## ACTION ITEM
From the line with "Lauko sofos komplektas" through the line with "iX-brella Ombrello regolabile", inclusive, return each line of the data below exactly and leave the rest out.

## RECORDS PROVIDED
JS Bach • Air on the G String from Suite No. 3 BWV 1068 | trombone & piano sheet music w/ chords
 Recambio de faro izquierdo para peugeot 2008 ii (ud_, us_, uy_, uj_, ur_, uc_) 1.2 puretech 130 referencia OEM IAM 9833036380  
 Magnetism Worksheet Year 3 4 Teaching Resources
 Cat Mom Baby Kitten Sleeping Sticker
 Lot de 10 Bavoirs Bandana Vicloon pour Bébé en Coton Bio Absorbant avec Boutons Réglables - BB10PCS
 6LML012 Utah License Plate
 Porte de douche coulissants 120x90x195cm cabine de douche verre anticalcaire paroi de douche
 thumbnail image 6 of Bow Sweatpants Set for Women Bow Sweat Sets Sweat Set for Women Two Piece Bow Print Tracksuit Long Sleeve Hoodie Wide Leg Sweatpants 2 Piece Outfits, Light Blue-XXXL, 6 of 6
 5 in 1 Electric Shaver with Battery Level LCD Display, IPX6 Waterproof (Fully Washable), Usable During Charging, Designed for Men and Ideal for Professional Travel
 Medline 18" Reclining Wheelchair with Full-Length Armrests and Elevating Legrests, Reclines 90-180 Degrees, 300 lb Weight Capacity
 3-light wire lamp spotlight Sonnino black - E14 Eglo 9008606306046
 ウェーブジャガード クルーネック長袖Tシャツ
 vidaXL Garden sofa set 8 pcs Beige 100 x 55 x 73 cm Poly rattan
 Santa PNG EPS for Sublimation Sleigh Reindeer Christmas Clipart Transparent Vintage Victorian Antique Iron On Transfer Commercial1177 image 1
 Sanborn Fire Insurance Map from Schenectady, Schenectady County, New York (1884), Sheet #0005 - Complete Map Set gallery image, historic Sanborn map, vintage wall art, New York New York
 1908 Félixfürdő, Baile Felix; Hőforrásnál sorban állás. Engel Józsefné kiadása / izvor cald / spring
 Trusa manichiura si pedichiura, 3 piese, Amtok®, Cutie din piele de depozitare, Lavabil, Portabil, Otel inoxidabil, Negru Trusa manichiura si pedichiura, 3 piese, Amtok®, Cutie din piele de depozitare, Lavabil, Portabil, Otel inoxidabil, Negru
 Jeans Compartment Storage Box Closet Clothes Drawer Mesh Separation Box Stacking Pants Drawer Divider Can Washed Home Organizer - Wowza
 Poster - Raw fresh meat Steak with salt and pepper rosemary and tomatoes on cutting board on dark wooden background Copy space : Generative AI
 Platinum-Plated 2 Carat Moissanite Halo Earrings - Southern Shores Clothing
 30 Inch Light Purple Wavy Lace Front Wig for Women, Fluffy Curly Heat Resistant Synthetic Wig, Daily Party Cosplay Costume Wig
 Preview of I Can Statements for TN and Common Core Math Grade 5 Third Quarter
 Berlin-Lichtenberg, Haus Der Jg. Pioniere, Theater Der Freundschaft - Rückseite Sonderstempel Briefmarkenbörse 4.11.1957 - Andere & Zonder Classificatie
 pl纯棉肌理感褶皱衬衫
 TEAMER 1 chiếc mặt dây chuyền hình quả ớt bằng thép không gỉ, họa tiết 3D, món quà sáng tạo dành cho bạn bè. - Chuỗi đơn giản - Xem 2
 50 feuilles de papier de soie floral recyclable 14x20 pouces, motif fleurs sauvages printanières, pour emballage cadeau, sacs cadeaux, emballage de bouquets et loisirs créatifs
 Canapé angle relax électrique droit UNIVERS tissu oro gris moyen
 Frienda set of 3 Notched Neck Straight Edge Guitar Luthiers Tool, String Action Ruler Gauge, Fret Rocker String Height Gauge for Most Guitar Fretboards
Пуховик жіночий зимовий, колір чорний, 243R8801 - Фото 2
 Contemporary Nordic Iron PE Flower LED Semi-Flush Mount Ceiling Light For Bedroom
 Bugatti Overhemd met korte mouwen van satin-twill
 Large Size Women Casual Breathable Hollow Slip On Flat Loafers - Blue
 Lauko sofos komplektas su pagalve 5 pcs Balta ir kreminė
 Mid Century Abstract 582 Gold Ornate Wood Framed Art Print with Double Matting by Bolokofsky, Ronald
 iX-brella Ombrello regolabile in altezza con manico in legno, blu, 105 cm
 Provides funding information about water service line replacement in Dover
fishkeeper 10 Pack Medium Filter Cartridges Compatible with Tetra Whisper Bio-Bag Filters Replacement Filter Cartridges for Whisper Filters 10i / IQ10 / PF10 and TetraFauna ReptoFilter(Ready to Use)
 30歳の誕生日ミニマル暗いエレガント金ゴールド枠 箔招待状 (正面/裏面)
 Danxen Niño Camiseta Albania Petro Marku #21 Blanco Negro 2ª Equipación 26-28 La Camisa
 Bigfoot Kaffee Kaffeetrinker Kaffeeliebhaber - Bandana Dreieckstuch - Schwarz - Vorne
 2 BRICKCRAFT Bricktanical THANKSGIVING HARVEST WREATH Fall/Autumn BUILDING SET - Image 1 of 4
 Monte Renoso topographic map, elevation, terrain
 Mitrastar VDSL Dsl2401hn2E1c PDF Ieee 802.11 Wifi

## SOLUTION FOR THIS PROBLEM
 Lauko sofos komplektas su pagalve 5 pcs Balta ir kreminė
 Mid Century Abstract 582 Gold Ornate Wood Framed Art Print with Double Matting by Bolokofsky, Ronald
 iX-brella Ombrello regolabile in altezza con manico in legno, blu, 105 cm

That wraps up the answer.